This study investigated the effects of glucono-δ-lactone (GdL) addition on physicochemical and microbiological characteristics of fermented sausages during ripening and drying. Five batches of sausages were produced under ripening conditions: without GdL and with 0, 0.1, 0.25, 0.5 and 0.75% of GdL addition. Samples from each treatment were taken for physicochemical and microbiological analyses on the 0, 1, 3, 5, 7, 10, 15, 20 and 25th day of ripening. Chemical analysis showed a significant decrease in moisture content of sausages with increasing amounts of GdL added (p<0.05). The moisture contents decreased, whereas the fat, protein and ash contents increased throughout ripening (p<0.05). Increasing levels of GdL caused a decrease in the pH values (p<0.05), which can have an inhibitory effect against microflora. Water holding capacity content of samples decreased with increasing GdL concentration (p<0.05). The shear force values of fermented sausages showed the highest in T4 (p<0.05). During ripening, the shear force values of sausages were increased on the 25th day compared to day 0 (p<0.05).

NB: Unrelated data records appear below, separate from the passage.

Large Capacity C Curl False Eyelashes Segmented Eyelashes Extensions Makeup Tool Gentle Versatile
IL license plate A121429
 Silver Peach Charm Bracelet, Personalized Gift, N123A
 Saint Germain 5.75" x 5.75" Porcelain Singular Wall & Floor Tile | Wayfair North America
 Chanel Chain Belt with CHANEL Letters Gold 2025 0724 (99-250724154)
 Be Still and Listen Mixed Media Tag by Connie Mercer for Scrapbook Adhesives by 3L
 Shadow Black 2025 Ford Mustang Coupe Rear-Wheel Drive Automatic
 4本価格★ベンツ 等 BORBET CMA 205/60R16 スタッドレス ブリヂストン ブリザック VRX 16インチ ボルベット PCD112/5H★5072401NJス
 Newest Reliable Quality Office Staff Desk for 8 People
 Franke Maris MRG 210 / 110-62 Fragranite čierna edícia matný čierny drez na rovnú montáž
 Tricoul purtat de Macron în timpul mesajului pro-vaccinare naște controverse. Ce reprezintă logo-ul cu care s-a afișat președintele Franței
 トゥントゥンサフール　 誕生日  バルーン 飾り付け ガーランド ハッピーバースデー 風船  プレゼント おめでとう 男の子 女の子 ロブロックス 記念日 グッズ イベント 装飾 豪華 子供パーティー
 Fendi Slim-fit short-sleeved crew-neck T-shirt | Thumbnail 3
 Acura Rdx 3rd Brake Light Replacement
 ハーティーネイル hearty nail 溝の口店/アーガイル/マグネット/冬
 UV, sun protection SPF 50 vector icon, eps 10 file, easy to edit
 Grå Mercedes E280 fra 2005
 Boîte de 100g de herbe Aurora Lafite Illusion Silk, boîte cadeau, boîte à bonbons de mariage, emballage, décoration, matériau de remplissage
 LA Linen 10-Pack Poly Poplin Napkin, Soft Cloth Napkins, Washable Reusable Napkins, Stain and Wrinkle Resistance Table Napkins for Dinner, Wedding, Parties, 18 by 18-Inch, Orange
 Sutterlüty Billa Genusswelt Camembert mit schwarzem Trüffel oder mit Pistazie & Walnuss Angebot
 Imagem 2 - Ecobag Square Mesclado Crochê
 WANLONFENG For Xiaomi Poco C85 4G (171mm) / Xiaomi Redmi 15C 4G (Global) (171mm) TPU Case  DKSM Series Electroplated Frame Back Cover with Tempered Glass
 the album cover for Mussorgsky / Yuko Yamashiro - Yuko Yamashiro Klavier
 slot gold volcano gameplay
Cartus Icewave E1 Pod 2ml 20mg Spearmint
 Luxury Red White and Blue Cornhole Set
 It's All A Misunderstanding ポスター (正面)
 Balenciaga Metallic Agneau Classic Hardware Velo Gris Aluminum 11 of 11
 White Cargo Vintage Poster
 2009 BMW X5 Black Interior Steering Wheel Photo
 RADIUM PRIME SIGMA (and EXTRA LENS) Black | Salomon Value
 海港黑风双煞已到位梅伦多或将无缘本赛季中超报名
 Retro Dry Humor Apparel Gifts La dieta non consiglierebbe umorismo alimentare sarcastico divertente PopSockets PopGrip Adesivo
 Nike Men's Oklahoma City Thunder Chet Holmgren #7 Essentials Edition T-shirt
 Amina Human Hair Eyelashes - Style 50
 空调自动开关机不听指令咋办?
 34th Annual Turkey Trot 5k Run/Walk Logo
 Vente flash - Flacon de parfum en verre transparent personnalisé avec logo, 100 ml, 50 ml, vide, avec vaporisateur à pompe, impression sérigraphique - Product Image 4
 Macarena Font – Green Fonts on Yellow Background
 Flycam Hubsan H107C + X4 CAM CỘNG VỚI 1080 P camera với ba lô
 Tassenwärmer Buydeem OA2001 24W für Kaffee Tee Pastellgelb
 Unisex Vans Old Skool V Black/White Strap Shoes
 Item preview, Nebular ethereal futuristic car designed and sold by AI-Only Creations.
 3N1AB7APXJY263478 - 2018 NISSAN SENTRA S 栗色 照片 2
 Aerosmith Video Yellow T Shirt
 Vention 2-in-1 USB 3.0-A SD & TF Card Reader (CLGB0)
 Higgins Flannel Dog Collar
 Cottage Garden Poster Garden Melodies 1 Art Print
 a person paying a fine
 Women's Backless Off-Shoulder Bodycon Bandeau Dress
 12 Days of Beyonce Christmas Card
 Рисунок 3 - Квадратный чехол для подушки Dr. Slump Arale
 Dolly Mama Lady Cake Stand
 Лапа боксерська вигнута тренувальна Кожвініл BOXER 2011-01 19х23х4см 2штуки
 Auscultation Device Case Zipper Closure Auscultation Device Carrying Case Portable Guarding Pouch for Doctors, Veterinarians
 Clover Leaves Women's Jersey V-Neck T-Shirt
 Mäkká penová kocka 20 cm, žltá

The higher GdL level produced lighter and more yellow sausages. The addition of 0.75% GdL was effective in controlling bacteria counts. Addition of GdL in sausages resulted in the physicochemical and microbiological attributes equal to or better than no addition of GdL without any harmful effect.

Keywords

Introduction

Fermented sausages are the result of biochemical, microbiological, physical and sensorial changes occurring in a meat mixture during ripening. During sausage fermentation, complex physicochemical reactions in sausages take place that result in a decrease in pH and changes in the initial microflora (Casaburi et al., 2007). Sausages are produced from a meat batter composed of lean and fat meat, and other ingredients (curing agents etc.), stuffed in natural or synthetic casings, and, then, subjected to a ripening process under controlled temperature and relative humidity (Coloretti et al., 2014). In addition to meat, many other ingredients can be added to the batter, including spices (black and red peppers, fennel, nutmeg, cumin, etc.), curing agents (nitrate and nitrite), sodium chloride, sugars (to favor lactic fermentation) and starter cultures (lactic acid bacteria, micrococci, staphylococci and fungi) (Toldrá, 2006).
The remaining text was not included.